MEXICO CITY (Sputnik) - Colombian President Gustavo Petro says that the problem of drug trafficking has long gone beyond the framework of relations between Colombia and the United States, and the current strategy to combat it only increases crime.
Sputnik
"The investigation into the murder of the Paraguayan prosecutor Marcelo Pecci, committed by Uruguayan drug trafficker [Sebastian] Marset in Colombian territory, shows that drug trafficking has ceased to be a Colombian-American bilateral problem long ago and is today an American and world problem," Petro said on social media on Friday.
In June, Colombian police and prosecutors detained suspects in the murder of Marcelo Pecci, a Paraguayan special prosecutor known for fighting organized crime and drug trafficking. Pecci was on his honeymoon with his wife when he was murdered by gunmen on May 10 on the Colombian island of Baru.
Petro said on Friday that the strategy that has been used to fight drug trafficking up until now has only strengthened rather than weakened the mafia.
Petro, 62, took the presidential oath and was sworn in in a ceremony at Bolivar Square in Colombia’s capital, Bogota, last weekend.

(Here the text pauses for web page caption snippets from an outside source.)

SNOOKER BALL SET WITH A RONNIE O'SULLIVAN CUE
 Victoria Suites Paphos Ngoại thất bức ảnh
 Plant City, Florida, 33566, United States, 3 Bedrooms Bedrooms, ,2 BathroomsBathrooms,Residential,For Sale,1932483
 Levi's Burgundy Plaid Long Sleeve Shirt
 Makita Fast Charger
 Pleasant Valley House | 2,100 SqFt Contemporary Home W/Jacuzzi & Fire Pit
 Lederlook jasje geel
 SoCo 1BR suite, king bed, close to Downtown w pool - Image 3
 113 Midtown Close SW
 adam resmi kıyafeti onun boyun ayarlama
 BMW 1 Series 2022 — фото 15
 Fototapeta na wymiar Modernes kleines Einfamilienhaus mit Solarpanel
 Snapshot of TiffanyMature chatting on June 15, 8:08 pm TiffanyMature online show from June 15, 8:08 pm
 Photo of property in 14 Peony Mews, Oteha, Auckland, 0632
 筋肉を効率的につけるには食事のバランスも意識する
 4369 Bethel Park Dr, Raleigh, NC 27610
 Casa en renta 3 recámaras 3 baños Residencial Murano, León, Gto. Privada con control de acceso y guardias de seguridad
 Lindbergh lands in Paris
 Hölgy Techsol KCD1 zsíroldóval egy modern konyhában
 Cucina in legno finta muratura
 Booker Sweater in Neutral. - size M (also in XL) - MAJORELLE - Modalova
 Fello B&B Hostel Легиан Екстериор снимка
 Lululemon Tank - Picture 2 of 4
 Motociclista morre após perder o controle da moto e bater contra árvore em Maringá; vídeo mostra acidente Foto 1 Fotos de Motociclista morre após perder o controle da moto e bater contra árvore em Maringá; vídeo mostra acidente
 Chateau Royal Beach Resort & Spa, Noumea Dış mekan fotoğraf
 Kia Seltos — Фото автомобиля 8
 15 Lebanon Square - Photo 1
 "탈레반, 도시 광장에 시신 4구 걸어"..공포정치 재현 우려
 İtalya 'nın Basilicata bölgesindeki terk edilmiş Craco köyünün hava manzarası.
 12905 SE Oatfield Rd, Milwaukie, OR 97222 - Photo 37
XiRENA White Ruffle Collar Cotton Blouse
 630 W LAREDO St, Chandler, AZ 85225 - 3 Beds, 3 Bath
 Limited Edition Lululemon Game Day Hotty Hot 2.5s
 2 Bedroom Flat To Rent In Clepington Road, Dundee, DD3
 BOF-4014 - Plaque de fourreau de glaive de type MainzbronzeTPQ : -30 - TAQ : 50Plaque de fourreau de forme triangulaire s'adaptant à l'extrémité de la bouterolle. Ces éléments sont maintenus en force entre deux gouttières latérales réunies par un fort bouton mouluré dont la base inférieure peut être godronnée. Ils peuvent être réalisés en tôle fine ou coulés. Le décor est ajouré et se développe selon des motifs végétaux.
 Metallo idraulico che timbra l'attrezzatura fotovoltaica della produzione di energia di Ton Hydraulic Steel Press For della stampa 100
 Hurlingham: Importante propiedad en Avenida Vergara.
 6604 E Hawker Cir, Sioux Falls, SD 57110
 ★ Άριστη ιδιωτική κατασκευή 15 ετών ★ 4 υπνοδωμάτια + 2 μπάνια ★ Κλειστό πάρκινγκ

A former guerrilla and ex-mayor of Bogota, he is the first leftist leader in Colombia’s modern history.
Petro’s government has agreed to hold talks with the largest drug gang in Colombia, the Gulf Clan (Clan del Golfo, also known as Gaitanist Self-Defense Forces of Colombia), a major supplier of cocaine to the United States.
Last Sunday, the Gulf Clan announced a unilateral cessation of offensive hostilities as a gesture of goodwill to the new government of Colombia and determination to join the peace process.